Chatham Airport: One Man’s Field of Dreams
By 1936, Wilfred Berube began to envision Chatham as a destination for sportsmen, especially during Cape Cod’s off-season. Private planes had already begun to visit, so he decided to build a hangar large enough to garage five to six planes. For the roof, Whittier reports that Berube built 30 arches of seven-layered wood, and only when it came time to raise the arches did he require additional hands to assist his efforts. Amazingly, the hangar has weathered every nor’easter and hurricane since its completion in 1937. “Those are the same bows that are up there today,” Howard says. “The rest of the airport’s structures were added in the 1950s, 1960s, and 1970s.”
Guy Berube, who owns a summer home in Brewster, has been keeping his great-uncle’s torch lit for decades. His father, Alcide Berube, was a pilot who flew with Wilfred and spent time helping out at the airport. A retired aerospace/defense engineer, Guy has contributed memorabilia to the Chatham Historical Society as well as the Chatham Airport, where Howard has set up a display case in the foyer that is open to the public. The exhibit features photographs, flight logs and other mementos. Guy also provided information to Whittier when the author was researching his book.

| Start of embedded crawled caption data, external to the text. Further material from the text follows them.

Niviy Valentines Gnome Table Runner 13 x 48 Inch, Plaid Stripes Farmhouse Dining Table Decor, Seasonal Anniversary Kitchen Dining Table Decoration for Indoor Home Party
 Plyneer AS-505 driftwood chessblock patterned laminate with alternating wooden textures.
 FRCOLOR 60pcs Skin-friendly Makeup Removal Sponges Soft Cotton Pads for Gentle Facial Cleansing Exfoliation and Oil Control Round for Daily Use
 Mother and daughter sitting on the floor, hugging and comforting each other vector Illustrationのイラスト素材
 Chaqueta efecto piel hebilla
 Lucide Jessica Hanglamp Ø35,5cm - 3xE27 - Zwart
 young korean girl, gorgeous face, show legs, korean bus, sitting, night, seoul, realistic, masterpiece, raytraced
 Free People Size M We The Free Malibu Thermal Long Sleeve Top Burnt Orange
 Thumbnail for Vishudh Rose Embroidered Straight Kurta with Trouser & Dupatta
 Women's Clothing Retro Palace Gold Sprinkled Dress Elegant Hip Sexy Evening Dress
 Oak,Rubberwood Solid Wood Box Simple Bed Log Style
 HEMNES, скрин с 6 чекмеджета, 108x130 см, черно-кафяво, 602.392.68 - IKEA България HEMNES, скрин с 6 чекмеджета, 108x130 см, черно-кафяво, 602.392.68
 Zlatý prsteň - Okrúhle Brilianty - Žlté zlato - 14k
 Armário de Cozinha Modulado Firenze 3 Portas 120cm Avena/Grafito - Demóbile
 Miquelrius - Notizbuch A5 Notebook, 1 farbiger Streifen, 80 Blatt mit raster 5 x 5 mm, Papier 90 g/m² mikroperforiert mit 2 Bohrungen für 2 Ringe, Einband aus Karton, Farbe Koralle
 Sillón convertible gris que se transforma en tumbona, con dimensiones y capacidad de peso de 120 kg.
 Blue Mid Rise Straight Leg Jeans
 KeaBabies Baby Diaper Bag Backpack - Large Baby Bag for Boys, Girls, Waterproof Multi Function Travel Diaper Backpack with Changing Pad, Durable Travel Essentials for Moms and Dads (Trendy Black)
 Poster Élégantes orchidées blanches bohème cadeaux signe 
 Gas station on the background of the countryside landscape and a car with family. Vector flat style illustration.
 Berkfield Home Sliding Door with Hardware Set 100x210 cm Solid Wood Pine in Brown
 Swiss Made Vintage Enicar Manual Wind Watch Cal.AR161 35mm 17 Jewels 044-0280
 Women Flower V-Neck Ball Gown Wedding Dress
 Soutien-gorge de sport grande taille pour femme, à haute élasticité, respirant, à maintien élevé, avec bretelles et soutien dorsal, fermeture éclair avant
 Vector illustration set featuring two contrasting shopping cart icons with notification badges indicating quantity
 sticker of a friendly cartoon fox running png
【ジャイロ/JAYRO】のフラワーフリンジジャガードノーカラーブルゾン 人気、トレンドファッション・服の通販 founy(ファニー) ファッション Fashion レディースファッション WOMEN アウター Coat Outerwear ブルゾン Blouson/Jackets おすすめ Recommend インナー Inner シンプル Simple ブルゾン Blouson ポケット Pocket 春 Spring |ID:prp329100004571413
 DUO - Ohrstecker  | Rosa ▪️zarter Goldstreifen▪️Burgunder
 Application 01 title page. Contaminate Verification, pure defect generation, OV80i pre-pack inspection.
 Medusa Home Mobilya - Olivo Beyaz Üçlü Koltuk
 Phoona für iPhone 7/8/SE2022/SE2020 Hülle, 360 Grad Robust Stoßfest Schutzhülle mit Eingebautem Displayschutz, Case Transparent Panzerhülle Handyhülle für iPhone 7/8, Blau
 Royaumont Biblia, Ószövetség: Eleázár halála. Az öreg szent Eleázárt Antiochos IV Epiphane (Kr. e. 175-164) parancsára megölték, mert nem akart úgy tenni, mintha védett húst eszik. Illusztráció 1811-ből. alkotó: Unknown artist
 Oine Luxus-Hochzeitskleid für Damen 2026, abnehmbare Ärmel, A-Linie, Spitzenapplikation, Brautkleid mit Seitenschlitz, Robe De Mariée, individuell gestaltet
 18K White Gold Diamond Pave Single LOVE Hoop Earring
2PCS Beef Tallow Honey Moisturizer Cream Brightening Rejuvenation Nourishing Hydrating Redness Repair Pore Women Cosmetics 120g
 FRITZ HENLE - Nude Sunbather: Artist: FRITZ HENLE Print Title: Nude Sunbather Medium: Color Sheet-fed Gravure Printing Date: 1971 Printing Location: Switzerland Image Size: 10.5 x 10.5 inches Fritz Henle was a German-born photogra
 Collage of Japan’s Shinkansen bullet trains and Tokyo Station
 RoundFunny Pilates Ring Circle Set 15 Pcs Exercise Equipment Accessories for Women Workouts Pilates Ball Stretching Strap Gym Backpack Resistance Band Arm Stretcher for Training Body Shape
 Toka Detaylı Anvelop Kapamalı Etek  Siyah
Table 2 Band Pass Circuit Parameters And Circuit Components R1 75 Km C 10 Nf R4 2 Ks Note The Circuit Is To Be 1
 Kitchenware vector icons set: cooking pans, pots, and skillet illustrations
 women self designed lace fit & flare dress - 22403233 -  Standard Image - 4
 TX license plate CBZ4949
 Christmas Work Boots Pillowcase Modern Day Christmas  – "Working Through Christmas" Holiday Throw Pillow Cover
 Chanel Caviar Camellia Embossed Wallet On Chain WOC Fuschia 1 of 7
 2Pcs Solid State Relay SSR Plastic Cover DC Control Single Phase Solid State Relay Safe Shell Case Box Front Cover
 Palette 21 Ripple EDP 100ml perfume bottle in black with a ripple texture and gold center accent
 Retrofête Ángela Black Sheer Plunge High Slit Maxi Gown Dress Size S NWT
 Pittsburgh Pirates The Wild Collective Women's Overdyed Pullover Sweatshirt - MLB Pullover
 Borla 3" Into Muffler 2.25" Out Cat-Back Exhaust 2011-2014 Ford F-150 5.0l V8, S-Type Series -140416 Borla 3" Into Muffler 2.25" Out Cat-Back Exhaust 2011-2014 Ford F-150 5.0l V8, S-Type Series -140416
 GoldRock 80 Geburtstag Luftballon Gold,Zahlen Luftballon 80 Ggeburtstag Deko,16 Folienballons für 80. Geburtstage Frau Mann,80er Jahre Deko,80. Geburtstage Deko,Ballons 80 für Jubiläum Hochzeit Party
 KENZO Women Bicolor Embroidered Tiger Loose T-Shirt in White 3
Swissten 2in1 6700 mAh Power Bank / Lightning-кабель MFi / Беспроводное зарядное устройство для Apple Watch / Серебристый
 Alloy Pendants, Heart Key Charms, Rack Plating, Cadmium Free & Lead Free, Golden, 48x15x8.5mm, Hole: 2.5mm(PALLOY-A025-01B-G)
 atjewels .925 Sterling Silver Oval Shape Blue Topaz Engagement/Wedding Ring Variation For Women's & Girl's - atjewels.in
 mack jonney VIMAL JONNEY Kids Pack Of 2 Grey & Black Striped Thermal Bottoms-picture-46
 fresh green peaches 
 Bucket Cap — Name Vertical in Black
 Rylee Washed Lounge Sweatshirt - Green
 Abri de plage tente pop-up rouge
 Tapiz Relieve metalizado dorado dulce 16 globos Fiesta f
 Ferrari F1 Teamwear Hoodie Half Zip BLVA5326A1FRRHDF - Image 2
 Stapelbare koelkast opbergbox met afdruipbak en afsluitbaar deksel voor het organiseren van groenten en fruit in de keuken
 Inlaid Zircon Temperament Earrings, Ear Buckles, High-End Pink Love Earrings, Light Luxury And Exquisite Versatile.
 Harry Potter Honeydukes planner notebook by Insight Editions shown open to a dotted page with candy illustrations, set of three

“Wilfred was known to many as the flying fisherman,” Guy Berube says, adding that the worst accident his great-uncle ever experienced occurred not in the sky, but in a boat. “When World War II broke out, all the small airports within 50 miles of the coast were shut down, so Wilfred took up fishing,” Guy recalls. “One time, he got broadsided [by a wave] and the boat flipped, knocking him out.” Fortunately, Wilfred awoke in an air pocket formed by the boat’s cabin; he was able to breathe until the boat ran aground at low tide, where he was then rescued. “He was never hurt flying,” Guy says, “but he takes up fishing and nearly dies.”